Venture Capitalists Have Expectations – Be Aware of Them for Increased Chance of Success

If you are new to entrepreneurship there’s a good chance you will be surprised to learn that venture capitalists have expectations that you must meet and not the other way around. You are caught up in your vision for a new service or product or business expansion and think everyone should be as excited as you about the plans. The lenders, on the other hand, are interested in the return on investment. Though applying for funding through any type of lender has similar steps, there are differences when applying for private funding such as that offered by venture capital investors.

A good example is the fact venture capitalists, angel investors, equity partners and other private lenders can establish all of the lending terms which may or may not fit traditional lending practices. Just like an entrepreneur is innovative, so are capitalists who are looking for exceptional returns on their money. A bank may ask for 5 times returns within the lending period while the venture capitalist may ask for as much as 10 times.

Meeting requirements requires being fully prepared to present a business plan that truthfully shows revenues and expenses. The investor is looking for realism in projections and will be looking at the projections in terms of the likelihood the investment returns projected are reasonable. To determine if the numbers are realistic, the investor will consider the management experience, past successes or failures of the existing company or other enterprises the entrepreneur has been involved in, and the investment return period.

If you can answer the many questions the venture capitalist will have with realistic responses there is a good chance that business funding will become available. It is important for the investor and the business to be compatible too. Like any good negotiation process, the investor and entrepreneur will have to come to agreement on specific funding terms. The terms will be laid out in term sheets that will include a statement of business valuation.

Once the term sheets are completed, negotiations for business loans or investments become a matter of agreeing on final details like where the money will be deposited and so on.

The Sweet and Sour of Deal Making

A mismatched pairing can occur when the business plan does not correctly explain the business model. Attract the wrong type of investor for your proposal and it won’t take long for the negotiation process to sour. Investors who discover the true business is different from the business plan presentation during final negotiations can put a halt to the discussions.

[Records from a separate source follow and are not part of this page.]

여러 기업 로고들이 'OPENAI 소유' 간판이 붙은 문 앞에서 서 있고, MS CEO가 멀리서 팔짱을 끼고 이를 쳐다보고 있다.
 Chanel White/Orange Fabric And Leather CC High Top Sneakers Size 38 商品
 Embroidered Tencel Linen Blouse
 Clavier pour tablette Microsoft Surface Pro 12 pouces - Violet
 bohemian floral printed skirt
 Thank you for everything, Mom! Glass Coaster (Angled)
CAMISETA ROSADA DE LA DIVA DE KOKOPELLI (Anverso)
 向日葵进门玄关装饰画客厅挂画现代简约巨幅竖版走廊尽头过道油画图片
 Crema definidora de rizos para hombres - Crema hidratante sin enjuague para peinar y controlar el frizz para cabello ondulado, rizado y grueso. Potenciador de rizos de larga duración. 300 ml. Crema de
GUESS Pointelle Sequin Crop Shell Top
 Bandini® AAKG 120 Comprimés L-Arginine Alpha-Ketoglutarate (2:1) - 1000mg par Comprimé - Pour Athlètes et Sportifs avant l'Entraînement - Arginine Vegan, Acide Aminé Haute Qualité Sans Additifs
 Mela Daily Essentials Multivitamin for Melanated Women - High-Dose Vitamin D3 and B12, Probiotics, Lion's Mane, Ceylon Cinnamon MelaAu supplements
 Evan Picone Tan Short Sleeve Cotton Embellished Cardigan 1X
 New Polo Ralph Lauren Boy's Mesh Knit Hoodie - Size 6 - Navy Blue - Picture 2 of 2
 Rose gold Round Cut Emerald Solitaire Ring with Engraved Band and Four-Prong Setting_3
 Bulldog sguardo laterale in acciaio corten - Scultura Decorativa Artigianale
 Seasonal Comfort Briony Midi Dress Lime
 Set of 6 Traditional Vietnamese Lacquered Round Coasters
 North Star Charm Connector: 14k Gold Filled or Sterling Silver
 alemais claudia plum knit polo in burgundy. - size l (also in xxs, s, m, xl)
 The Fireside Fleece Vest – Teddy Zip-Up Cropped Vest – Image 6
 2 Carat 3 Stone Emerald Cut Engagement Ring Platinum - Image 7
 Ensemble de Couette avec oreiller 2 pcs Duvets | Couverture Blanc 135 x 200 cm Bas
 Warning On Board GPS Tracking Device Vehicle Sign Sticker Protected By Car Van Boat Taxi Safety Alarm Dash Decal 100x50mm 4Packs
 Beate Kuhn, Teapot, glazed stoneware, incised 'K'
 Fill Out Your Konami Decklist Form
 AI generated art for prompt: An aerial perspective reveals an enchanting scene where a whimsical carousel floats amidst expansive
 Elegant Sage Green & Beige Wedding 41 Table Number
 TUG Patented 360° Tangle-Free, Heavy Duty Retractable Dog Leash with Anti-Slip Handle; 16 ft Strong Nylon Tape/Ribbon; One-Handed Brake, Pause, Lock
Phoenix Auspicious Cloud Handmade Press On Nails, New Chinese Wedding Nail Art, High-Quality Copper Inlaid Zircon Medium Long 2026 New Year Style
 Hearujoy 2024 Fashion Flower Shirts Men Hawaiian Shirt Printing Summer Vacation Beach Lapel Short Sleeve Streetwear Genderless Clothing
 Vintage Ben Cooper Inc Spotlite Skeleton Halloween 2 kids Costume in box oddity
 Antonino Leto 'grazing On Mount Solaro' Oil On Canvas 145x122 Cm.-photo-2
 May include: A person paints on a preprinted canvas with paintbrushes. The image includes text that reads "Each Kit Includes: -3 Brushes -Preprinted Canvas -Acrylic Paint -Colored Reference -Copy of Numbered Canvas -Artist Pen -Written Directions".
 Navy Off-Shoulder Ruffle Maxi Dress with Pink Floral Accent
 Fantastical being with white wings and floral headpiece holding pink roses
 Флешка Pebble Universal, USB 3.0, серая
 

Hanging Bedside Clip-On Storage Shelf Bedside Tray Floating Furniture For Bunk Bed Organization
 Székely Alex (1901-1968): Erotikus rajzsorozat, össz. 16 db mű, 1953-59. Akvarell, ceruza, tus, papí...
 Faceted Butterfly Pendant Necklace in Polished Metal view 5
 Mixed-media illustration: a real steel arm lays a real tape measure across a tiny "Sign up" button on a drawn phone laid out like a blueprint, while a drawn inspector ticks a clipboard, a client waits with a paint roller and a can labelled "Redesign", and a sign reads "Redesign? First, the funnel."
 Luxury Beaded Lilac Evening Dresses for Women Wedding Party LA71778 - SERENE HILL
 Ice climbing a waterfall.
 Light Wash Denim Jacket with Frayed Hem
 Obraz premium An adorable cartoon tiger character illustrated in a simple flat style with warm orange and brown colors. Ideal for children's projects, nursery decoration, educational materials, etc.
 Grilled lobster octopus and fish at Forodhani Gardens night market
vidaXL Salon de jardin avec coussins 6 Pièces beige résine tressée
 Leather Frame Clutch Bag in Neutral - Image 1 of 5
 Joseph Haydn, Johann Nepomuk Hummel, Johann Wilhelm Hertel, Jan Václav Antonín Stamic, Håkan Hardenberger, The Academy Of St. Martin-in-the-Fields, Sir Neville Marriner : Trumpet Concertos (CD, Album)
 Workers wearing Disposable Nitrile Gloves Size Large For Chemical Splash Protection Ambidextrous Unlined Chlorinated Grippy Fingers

In other words, don’t try to hide anything the investors should know about including growth plans, market niche, product designs and even staffing plans. Any one of these issues could have a significant impact on negotiations and that means the venture capitalists have a right to know.

Valuing the Business

There are plenty of investment negotiations that fall apart at an end stage of the process only because new information comes to light. In addition, the entrepreneur and the venture capitalists must come to agreement on the value of the business. Usually, business valuation is equal to the amount of discounted cash flow plus the residual business value. The cash flows will be projected through the investment period described in the terms.